#### REQUIREMENT:
With the pictures excluded, retype the records that follow exactly.

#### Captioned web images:
- - -

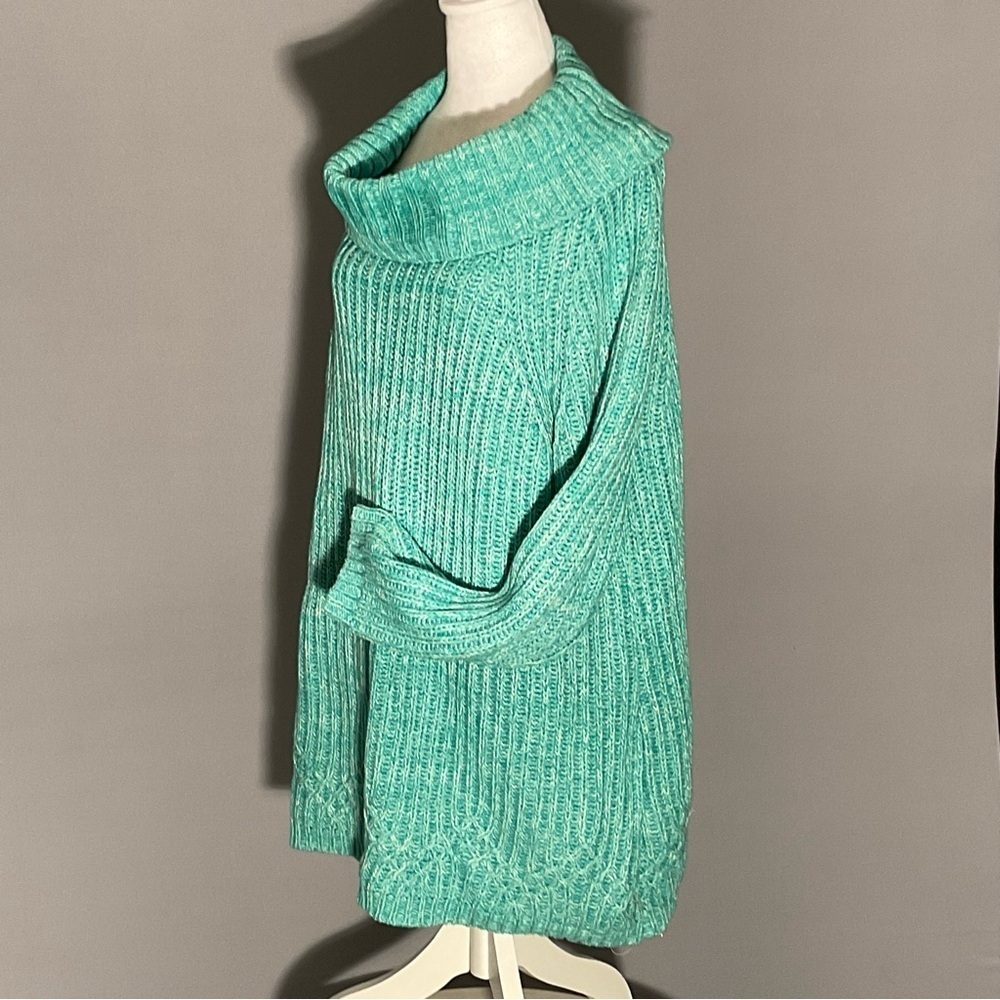 Coldwater Creek Plus Size 1X Green Cotton Blend Cowl Neck Tunic Sweater - Picture 13 of 16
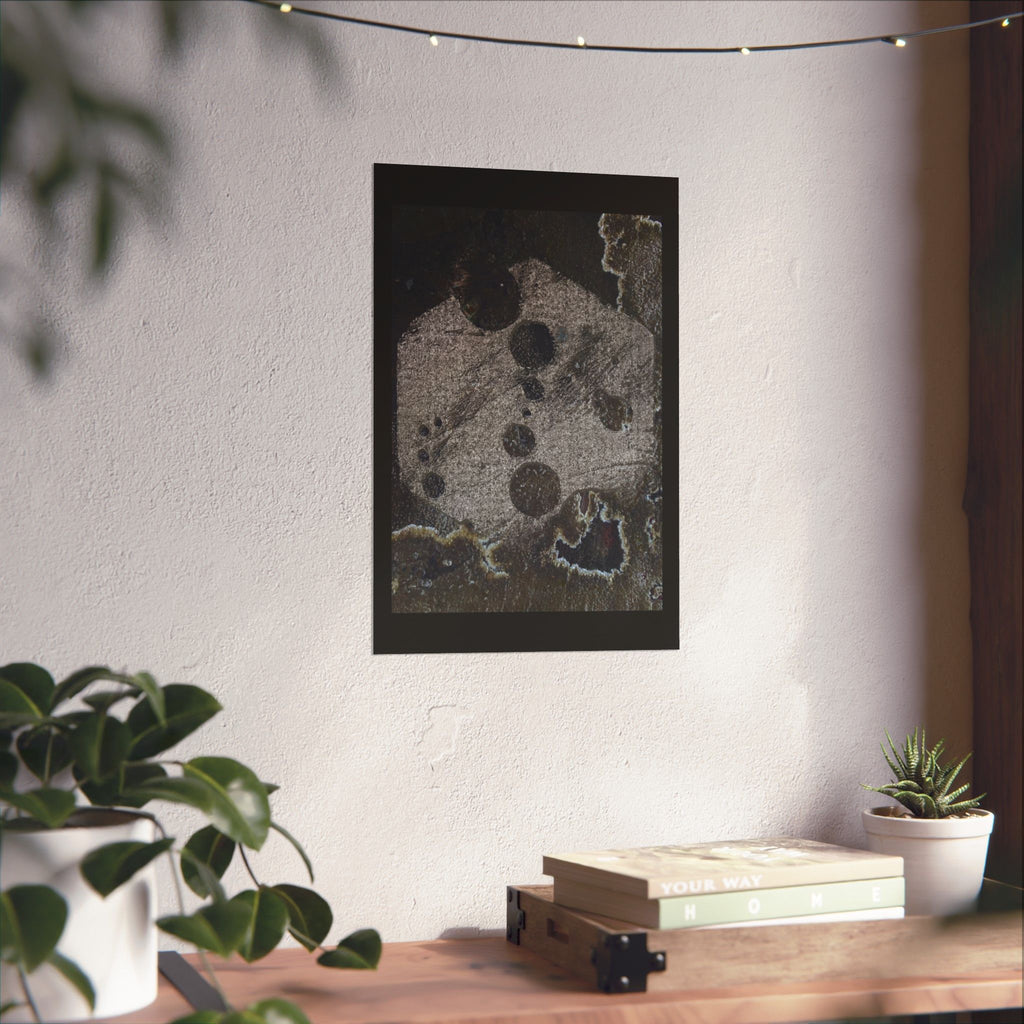 Abstract Grunge Moon Poster — Dark Textured Matte Vertical Wall Art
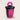 Sportive Lives portable salad cup in rose magenta and black with built-in fork, clear outer cup, and easy-carry ring handle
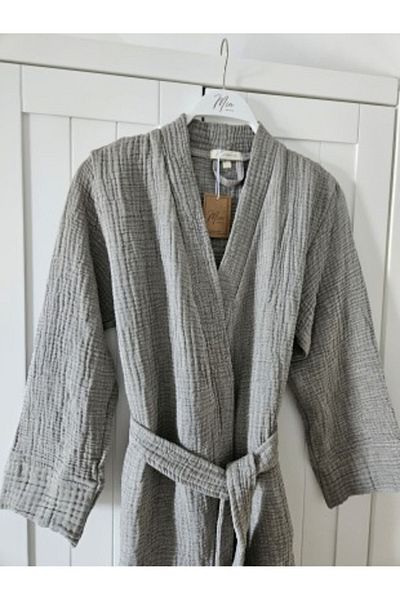 Mia HoMe&Baby 4 Layer Muslin kimono - Bathrobe/MoMent Gray Color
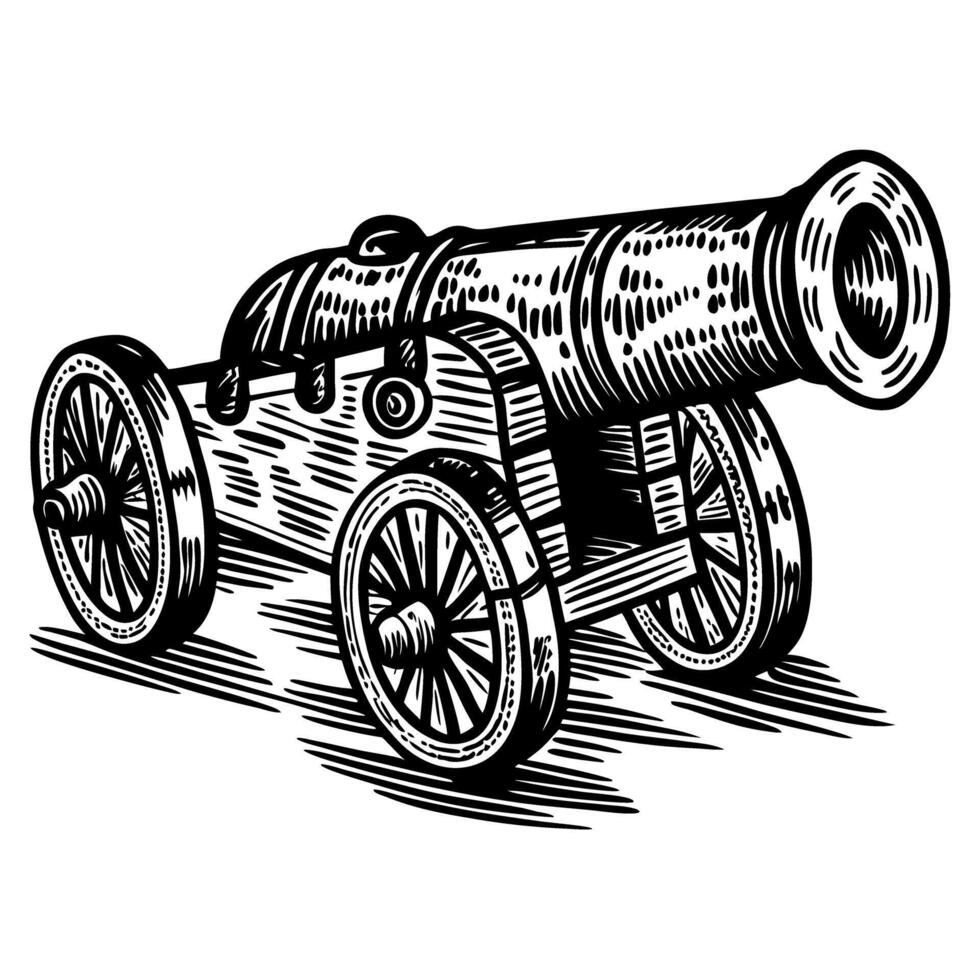 Vintage cannon sketch with detailed wood and metal elements, classic historical art vector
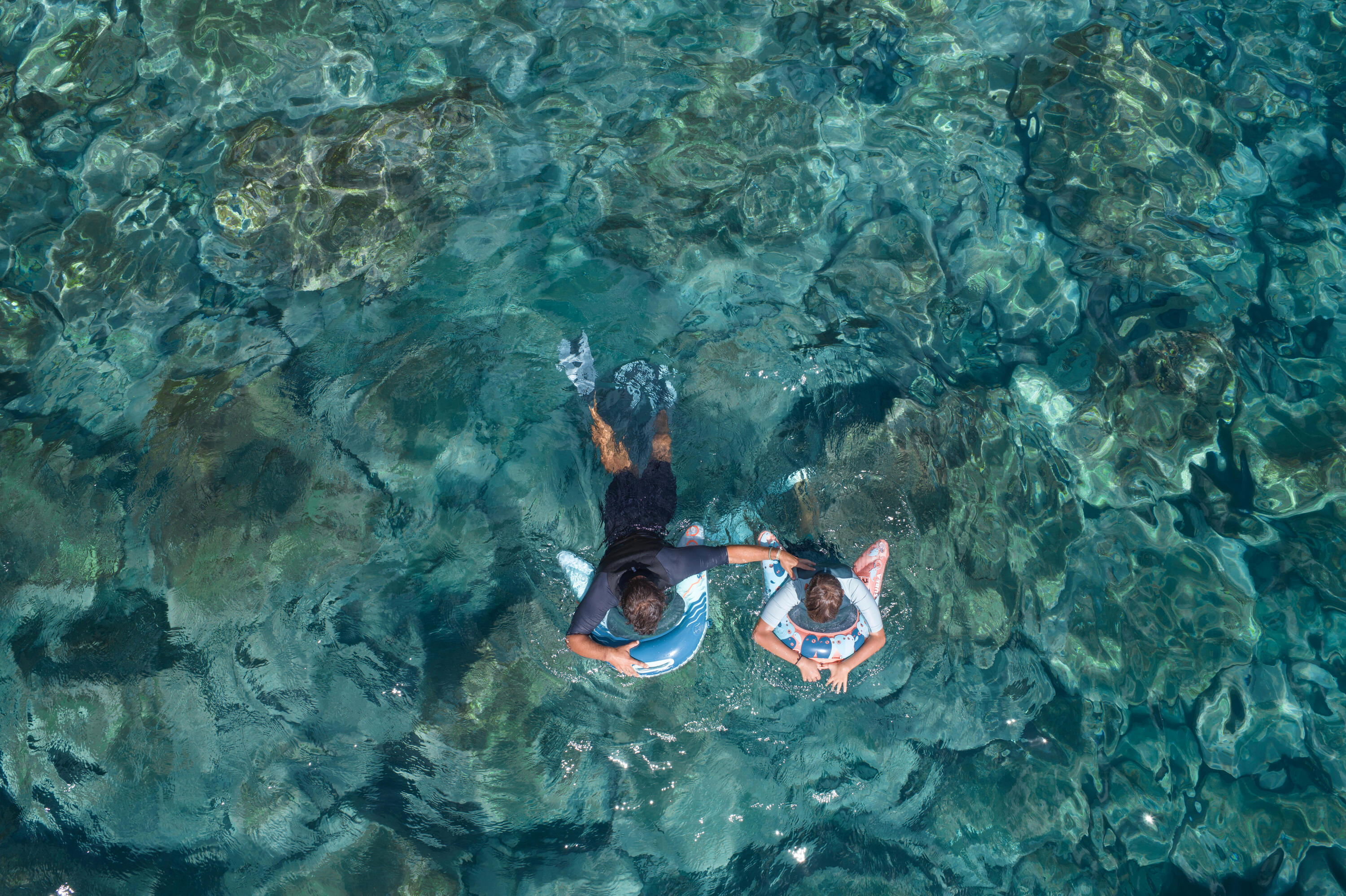 Bouée d’observation de plongée avec tuba Olu 120 fish bleu orange 8/11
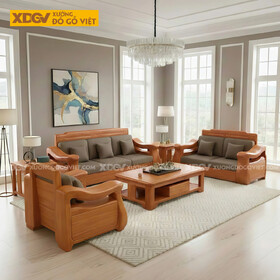 Bộ Bàn Ghế Sofa Gỗ Gõ Đỏ Thời Thượng Chân Ngắn Vững Chãi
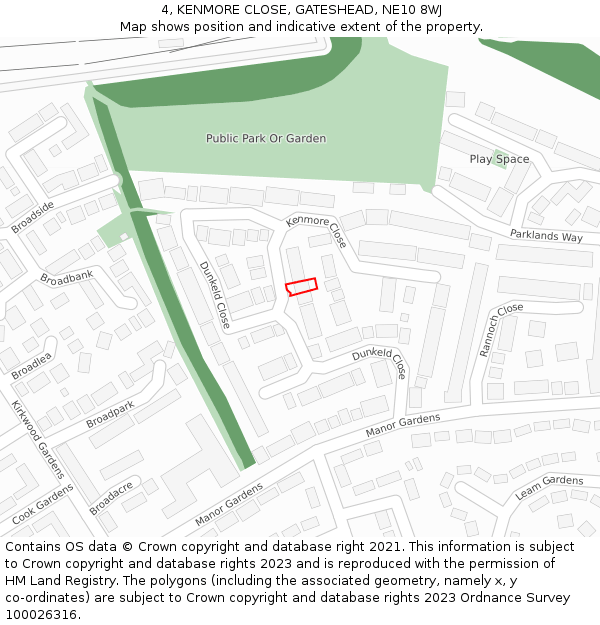 4, KENMORE CLOSE, GATESHEAD, NE10 8WJ: Location map and indicative extent of plot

- - -

#### TASK SOLUTION:
 Coldwater Creek Plus Size 1X Green Cotton Blend Cowl Neck Tunic Sweater - Picture 13 of 16
 Abstract Grunge Moon Poster — Dark Textured Matte Vertical Wall Art
 Sportive Lives portable salad cup in rose magenta and black with built-in fork, clear outer cup, and easy-carry ring handle
 Mia HoMe&Baby 4 Layer Muslin kimono - Bathrobe/MoMent Gray Color
 Vintage cannon sketch with detailed wood and metal elements, classic historical art vector
 Bouée d’observation de plongée avec tuba Olu 120 fish bleu orange 8/11
 Bộ Bàn Ghế Sofa Gỗ Gõ Đỏ Thời Thượng Chân Ngắn Vững Chãi
 4, KENMORE CLOSE, GATESHEAD, NE10 8WJ: Location map and indicative extent of plot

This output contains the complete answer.